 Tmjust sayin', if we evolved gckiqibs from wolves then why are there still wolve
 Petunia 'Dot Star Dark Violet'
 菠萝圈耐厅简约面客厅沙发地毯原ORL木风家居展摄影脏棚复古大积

━━━

What needs to be done: The complete listing, from first line to last, should be copied verbatim.

Solution:
 Tmjust sayin', if we evolved gckiqibs from wolves then why are there still wolve
 Petunia 'Dot Star Dark Violet'
 菠萝圈耐厅简约面客厅沙发地毯原ORL木风家居展摄影脏棚复古大积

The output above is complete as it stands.